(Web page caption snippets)
::::::::
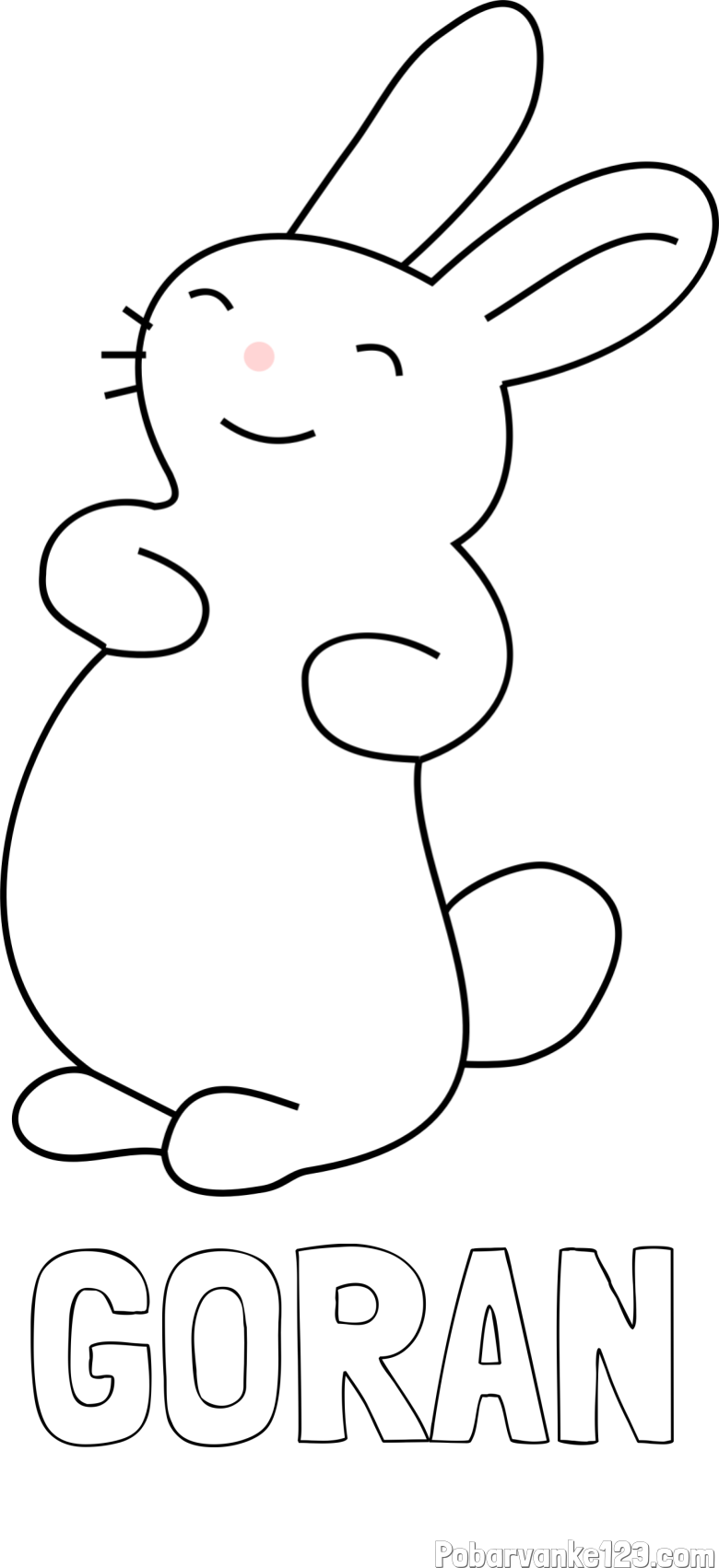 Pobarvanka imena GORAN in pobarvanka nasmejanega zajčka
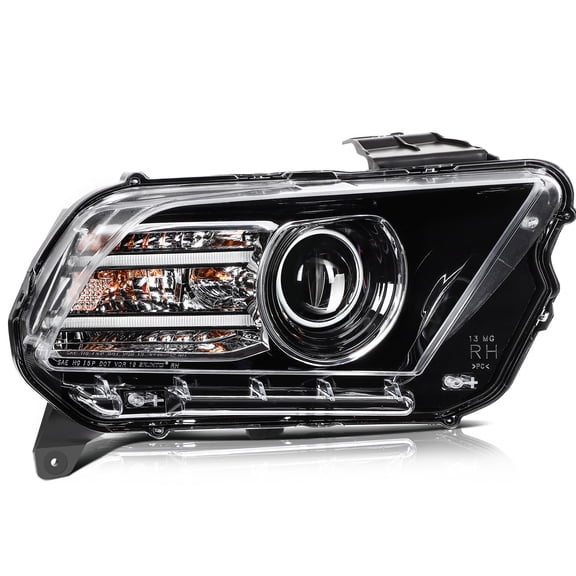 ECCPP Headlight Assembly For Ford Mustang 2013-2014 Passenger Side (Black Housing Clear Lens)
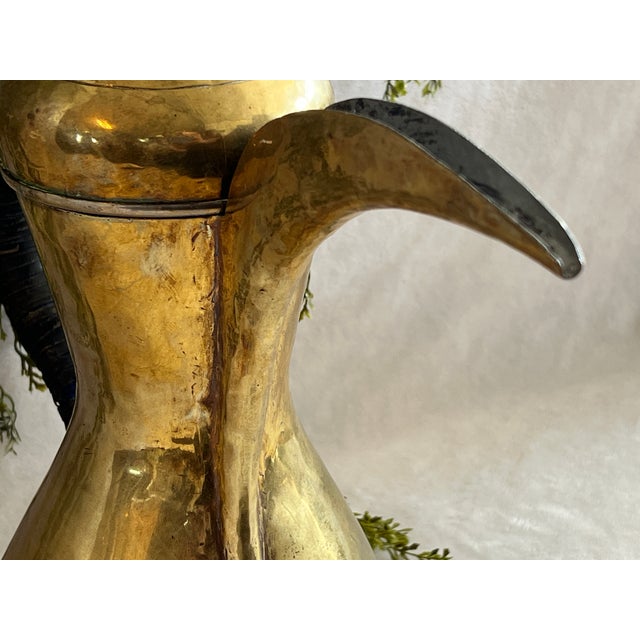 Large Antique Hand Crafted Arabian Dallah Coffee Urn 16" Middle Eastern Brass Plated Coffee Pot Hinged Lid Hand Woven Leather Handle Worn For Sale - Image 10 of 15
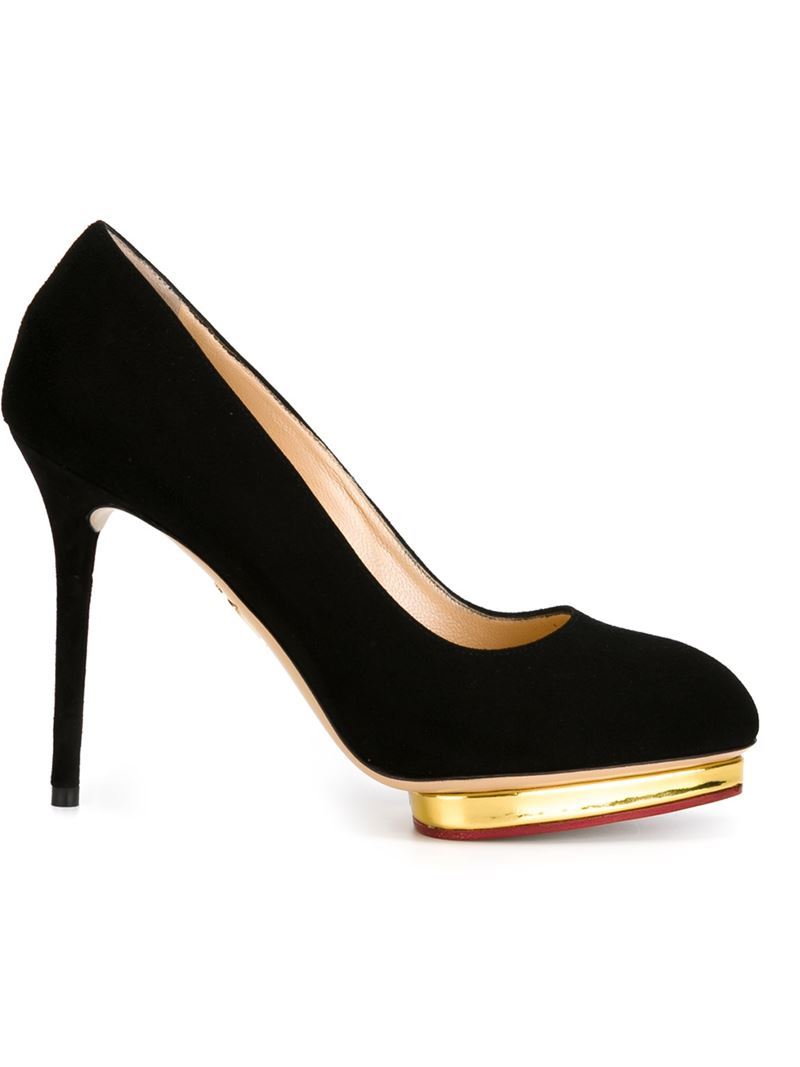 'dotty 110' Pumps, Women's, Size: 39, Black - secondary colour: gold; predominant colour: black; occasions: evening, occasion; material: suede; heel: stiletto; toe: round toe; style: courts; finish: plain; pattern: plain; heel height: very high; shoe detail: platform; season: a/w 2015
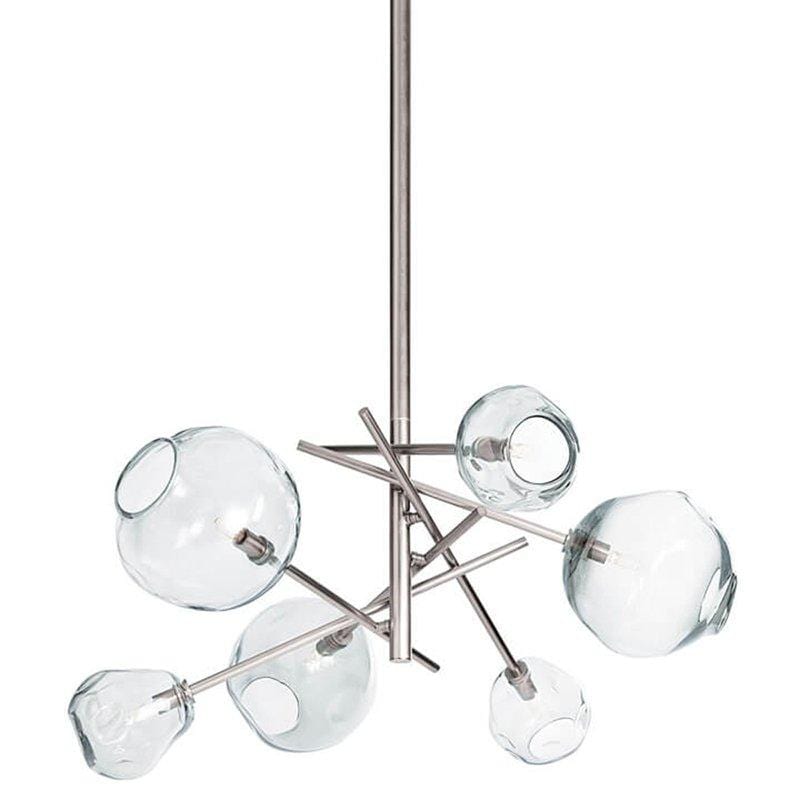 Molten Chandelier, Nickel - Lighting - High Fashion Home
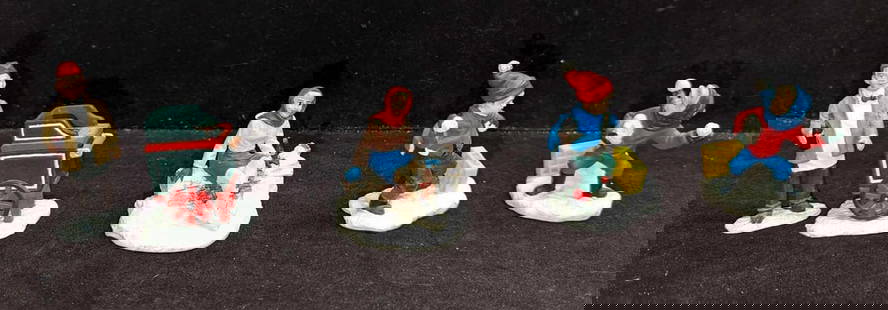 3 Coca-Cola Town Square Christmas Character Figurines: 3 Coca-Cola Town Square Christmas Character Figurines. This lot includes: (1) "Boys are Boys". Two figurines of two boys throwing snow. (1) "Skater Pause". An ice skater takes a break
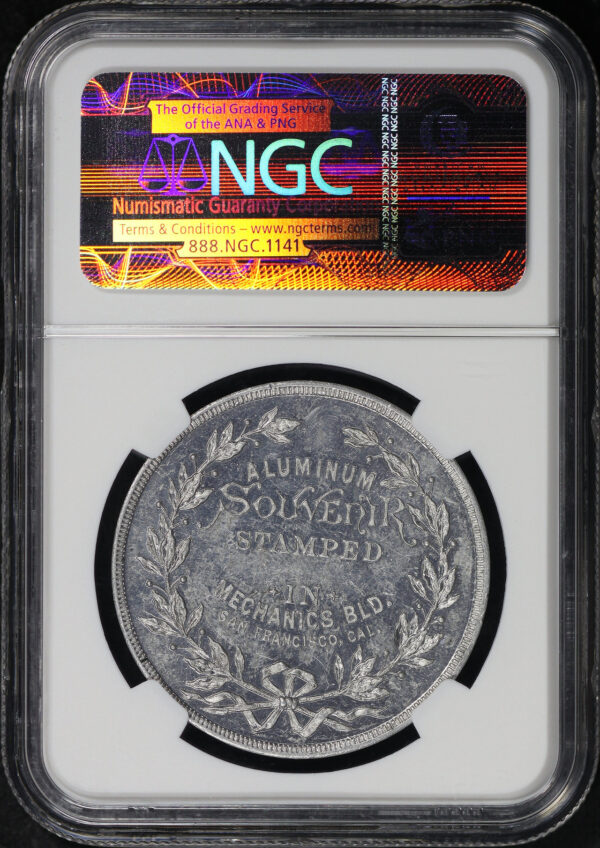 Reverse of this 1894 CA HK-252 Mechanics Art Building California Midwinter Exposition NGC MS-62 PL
::::::::
Copy every record exactly, but skip the pictures.

EXERCISE OUTPUT |
 Pobarvanka imena GORAN in pobarvanka nasmejanega zajčka
 ECCPP Headlight Assembly For Ford Mustang 2013-2014 Passenger Side (Black Housing Clear Lens)
 Large Antique Hand Crafted Arabian Dallah Coffee Urn 16" Middle Eastern Brass Plated Coffee Pot Hinged Lid Hand Woven Leather Handle Worn For Sale - Image 10 of 15
 'dotty 110' Pumps, Women's, Size: 39, Black - secondary colour: gold; predominant colour: black; occasions: evening, occasion; material: suede; heel: stiletto; toe: round toe; style: courts; finish: plain; pattern: plain; heel height: very high; shoe detail: platform; season: a/w 2015
 Molten Chandelier, Nickel - Lighting - High Fashion Home
 3 Coca-Cola Town Square Christmas Character Figurines: 3 Coca-Cola Town Square Christmas Character Figurines. This lot includes: (1) "Boys are Boys". Two figurines of two boys throwing snow. (1) "Skater Pause". An ice skater takes a break
 Reverse of this 1894 CA HK-252 Mechanics Art Building California Midwinter Exposition NGC MS-62 PL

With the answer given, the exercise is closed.